Todos sabemos, excepção feita à comunicação social centralista, que fomos prejudicados, explorados, roubados e assaltados durante anos a fio por aqueles que hoje andam com a bandeira da transparência, honestidade e seriedade. Para sermos capazes de quebrar esse ciclo e passarmos a ter a chance de ganhar, foi preciso que José Maria Pedroto e Jorge Nuno Pinto da Costa introduzissem um discurso e atitude diferentes, mais guerreira, mais combativa, mais ambiciosa e essencialmente muito menos receosa de quem quer que seja. Esse discurso e atitude passou a ter reflexo nos nossos dirigentes, nos nossos adeptos, nos nossos jogadores, enfim, em todo o Universo Azul.

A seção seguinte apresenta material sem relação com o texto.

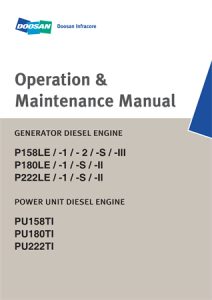 Doosan P158LE /P180LE /P222LE, PU158TI/ PU180TI/ PU222TI Series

A guerra sem quartel que foi feita aos poderes instalados nos clubes da capital, levou-nos a ser autênticos guerreiros que sabem nunca poder baixar a guarda, criando desta forma os pressupostos daquilo que durante muitos anos ouvidos designar de Mística.
Passamos a ter jogadores e treinadores banais que, ao absorverem a nossa cultura, se transformavam e ganhavam outra dimensão, potenciando o seu valor, e mostrando em campo toda a capacidade.
Para mim, muito mais importante do que o jogador A ou B, do que o treinador C ou D, foi a Mística que nos permitiu passar a liderar o panorama desportivo em Portugal, também com reflexos no estrangeiro.

O facto é que hoje em dia, a nossa cultura está em crise profunda, sendo isto transversal a dirigentes, jogadores e adeptos.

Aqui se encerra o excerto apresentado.